Daniel Kids: Talking to kids about strangers

How to make them aware not afraid

JACKSONVILLE, Fla. – In light of the kidnapping and death of Cherish Perrywinkle, many parents are thinking now more than ever about how to talk to their kids about stranger danger; making them aware but not afraid.

President and CEO of Daniel Kids, Jim Clark, says parents need to be talking to their kids about this as soon as they are verbal and aware of strangers.

"Experts recommend parents give an updated age-appropriate talk each year." Clark says. "It should be delivered as matter of fact as a traffic safety discussion. Coaching a child, builds confidence and shows them they have options."

Clark says parents have to be aware that it can happen at the bus stop, on the playground and even at your local store.

Clark reiterates, "Family safety is something that needs to be reinforced with kids."
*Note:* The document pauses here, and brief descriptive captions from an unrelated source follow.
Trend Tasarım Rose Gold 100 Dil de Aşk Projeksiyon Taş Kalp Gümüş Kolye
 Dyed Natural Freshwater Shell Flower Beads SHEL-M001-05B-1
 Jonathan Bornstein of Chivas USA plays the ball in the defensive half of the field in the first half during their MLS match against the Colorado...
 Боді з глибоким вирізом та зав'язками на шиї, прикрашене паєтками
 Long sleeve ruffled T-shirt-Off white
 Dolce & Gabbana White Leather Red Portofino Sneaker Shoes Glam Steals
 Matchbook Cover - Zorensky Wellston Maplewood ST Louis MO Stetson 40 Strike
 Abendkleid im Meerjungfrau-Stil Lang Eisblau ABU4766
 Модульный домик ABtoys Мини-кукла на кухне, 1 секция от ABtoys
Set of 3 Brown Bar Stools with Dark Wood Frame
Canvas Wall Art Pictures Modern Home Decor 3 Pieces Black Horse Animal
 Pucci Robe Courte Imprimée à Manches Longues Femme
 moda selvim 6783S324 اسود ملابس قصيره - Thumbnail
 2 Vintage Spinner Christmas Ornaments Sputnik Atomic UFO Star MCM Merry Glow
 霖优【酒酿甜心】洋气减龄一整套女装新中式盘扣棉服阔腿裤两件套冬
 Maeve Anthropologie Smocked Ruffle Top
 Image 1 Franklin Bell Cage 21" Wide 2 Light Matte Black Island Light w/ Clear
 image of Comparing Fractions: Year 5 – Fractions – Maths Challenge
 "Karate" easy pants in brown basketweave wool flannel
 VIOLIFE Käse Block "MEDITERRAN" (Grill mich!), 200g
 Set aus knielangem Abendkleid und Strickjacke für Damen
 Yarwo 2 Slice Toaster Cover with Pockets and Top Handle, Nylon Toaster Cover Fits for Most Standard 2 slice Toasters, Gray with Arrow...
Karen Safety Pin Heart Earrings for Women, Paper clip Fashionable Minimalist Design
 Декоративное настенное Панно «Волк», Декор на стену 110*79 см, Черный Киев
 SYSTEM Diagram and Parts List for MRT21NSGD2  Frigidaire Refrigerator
He says there are several ways to accomplish that. First, talk to your kids about the importance of safe places and safe helpers. Simply put, Clark says, these are homes, businesses and or other homes in their neighborhood where kids know they can go to get help.

Second, Clark suggests telling your kids to avoid deserted and isolated areas. Third, if separated from a parent in a store or mall, Clark recommends teaching kids to go straight to the nearest cashier, or better yet another mom with kids.

Clark says the most important lesson of all is teaching your kids what to say if they are grabbed from behind.

"A loud scream may not get a person's attention," Clark says. "But teaching your kids to yell things like 'Help, this is not my dad!' greatly improves the chances of someone responding immediately."
Clark says another really important thing to keep in mind is to teach your children your full name.

"Kids need to know your real name," Clark says. "Not only know you by 'mommy' and 'daddy.'

Also, Clark says, have a family secret word.

"When our kids were young, we had one," Clark remembers. "If someone approached them the person must say the word or the kids were to run away."

Clark says it's important for parents to know where your children are. He says have your children tell you or ask permission before leaving the house and give them a time to check in or be home. Clark says when possible, have them leave a phone number of where they will be.

Other tips from Clark:

  • Help children learn important phone numbers. He says have your children practice reciting their home phone number and address, and your work and cell phone numbers. If they have trouble memorizing these, Clark recommends writing them down on a card and have them carry it at all times. He says make sure to tell your children where you will be and the best way to reach you.
  • Set limits on where your children can go in your neighborhood. Do you want them crossing busy roads? Playing in alleys or abandoned buildings? Are there certain homes in your neighborhood that you don't want your children to go to?
  • Get to know your children's friends. Meet their parents before letting your children go to their home and keep a list of their phone numbers. If you can't meet their parents, call and talk to them. Ask what your children might do at their house and if they will be supervised.
  • Choose a safe house in your neighborhood. Pick a neighbor's house where your children can go if they need help. Point out other places they can go for help, like stores, libraries, and police stations.
  • Work together with your neighbors. Watch out for suspicious and unusual behavior in your neighborhood. Get to know your neighbors and their children so you can look out for one another.